Tag Archives: Applied anthropology

Uberrima Fides

Four months ago a young woman came to the United States from East Africa and sat down, waiting for the bus. This young woman has traveled through at least seven different countries, three continents, and one ocean to study at an American community college, so she can chase that elusive “American Dream.” She also has a baby girl, who has been her sole travel companion.

Surprising encounters and a bus stop

“She is good in my life; God put her there for me and her face it makes me happy.”

I know this because I am also at this bus stop waiting to go home; it has been a long day, and the bus is notoriously running late. Exasperated, I ask to see the schedule she clutches and subsequently strike up the typical conversation about who we are and what we do. I mention that I am researching mobile technology in East Africa, and she cries out. In the last four months, I am the only person she knows that has been to Kenya, a country where she has lived. It is clear that fate brought us to this bench.

And what fortuitous fate it is. I am trying to learn Kiswahili, and she needs help with English and Math. We quickly agree to meet again and work out how we can help each other. I see a successful collaboration in the works. Phone numbers are exchanged the bus comes, and we are on our way.

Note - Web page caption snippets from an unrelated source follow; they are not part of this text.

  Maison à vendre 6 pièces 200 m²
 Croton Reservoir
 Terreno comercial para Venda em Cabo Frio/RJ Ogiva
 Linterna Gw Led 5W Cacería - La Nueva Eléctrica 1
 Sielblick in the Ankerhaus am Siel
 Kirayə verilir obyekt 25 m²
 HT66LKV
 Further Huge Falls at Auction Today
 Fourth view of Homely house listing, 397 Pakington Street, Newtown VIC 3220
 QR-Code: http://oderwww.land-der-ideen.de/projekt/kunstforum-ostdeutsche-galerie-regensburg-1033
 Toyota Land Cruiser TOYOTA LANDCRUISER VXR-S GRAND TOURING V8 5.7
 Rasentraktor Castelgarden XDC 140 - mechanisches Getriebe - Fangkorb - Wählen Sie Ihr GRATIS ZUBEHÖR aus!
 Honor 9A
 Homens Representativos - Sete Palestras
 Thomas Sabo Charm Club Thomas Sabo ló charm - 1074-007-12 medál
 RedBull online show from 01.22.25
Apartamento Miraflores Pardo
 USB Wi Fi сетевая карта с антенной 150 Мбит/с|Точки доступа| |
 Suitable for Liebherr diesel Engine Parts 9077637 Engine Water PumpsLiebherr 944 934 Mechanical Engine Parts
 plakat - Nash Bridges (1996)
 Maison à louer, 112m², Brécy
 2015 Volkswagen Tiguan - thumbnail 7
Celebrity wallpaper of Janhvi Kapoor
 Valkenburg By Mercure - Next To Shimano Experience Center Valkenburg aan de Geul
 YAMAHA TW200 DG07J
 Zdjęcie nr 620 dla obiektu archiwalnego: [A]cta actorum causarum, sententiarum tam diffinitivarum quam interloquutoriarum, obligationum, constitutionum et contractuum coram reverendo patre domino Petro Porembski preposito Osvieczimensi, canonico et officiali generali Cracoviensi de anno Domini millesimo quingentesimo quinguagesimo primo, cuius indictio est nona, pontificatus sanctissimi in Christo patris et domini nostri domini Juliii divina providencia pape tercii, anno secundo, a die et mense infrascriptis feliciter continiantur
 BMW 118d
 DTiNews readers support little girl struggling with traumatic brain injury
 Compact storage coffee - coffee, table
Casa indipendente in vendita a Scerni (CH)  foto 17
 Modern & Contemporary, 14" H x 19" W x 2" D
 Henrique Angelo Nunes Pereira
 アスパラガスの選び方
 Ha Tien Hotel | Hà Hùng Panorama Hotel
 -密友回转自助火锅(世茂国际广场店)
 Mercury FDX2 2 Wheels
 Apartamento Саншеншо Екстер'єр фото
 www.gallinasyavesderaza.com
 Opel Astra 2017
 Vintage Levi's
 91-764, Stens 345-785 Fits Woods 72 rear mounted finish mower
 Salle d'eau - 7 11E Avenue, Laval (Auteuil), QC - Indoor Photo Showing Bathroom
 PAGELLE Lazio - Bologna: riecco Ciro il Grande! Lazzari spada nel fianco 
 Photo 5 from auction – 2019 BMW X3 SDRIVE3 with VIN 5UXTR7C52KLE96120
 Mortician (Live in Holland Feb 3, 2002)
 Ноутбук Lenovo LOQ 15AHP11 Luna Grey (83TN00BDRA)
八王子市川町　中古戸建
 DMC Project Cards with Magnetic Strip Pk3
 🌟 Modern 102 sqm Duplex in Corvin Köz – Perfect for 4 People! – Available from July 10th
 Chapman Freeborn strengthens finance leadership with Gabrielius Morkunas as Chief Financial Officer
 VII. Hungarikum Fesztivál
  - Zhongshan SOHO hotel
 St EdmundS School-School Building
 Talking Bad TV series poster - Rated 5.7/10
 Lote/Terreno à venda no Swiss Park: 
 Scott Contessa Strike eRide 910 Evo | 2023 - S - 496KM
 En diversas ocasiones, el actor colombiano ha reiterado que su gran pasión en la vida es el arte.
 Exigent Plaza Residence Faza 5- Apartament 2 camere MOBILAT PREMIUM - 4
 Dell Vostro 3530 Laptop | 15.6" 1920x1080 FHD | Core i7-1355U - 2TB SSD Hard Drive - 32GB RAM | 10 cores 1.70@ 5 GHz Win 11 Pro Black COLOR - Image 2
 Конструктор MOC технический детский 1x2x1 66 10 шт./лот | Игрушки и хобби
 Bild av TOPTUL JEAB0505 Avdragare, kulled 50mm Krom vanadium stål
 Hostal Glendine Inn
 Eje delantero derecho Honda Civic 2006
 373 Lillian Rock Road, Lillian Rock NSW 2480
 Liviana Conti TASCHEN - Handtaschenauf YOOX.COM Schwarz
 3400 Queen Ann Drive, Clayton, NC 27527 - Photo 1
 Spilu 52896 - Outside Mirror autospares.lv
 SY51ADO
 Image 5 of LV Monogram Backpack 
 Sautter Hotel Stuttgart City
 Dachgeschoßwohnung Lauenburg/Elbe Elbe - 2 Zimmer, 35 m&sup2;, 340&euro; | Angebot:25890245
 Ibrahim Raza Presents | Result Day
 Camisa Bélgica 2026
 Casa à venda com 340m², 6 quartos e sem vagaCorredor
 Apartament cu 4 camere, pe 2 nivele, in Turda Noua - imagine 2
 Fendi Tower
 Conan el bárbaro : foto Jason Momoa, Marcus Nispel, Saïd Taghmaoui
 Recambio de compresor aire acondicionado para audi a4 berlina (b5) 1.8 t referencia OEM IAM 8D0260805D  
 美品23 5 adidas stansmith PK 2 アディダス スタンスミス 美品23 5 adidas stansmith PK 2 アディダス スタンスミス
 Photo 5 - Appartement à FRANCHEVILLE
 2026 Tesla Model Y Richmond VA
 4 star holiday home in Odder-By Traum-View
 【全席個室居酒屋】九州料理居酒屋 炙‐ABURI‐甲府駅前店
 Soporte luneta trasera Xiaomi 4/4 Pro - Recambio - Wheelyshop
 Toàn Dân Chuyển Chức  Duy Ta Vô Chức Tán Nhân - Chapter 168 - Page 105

One week later I pick her up. We go for coffee, talk about lives lived, places we been, and where we want to go. She admits that speaking in English is quite “painful” and I offer that she could start teaching me some Kiswahili, but she refuses instead asking to see where I live. We go. Our conversation turns to why I am single. I brush off the questions trying to maintain my composure and not offend. By the time, we make it to my living room she suggests we get married in a not so subtle fashion. I am trying to decline spilling forth a myriad of reasons, but to her it is straightforward.

“You go to Africa, I come to America it would be easier for both of us if we marry.”

I am fully embarrassed, although not quite sure why. Explaining that she probably would not be granted full immediate citizenship if we wed. I take her home. She calls me every day for two weeks. I don’t answer.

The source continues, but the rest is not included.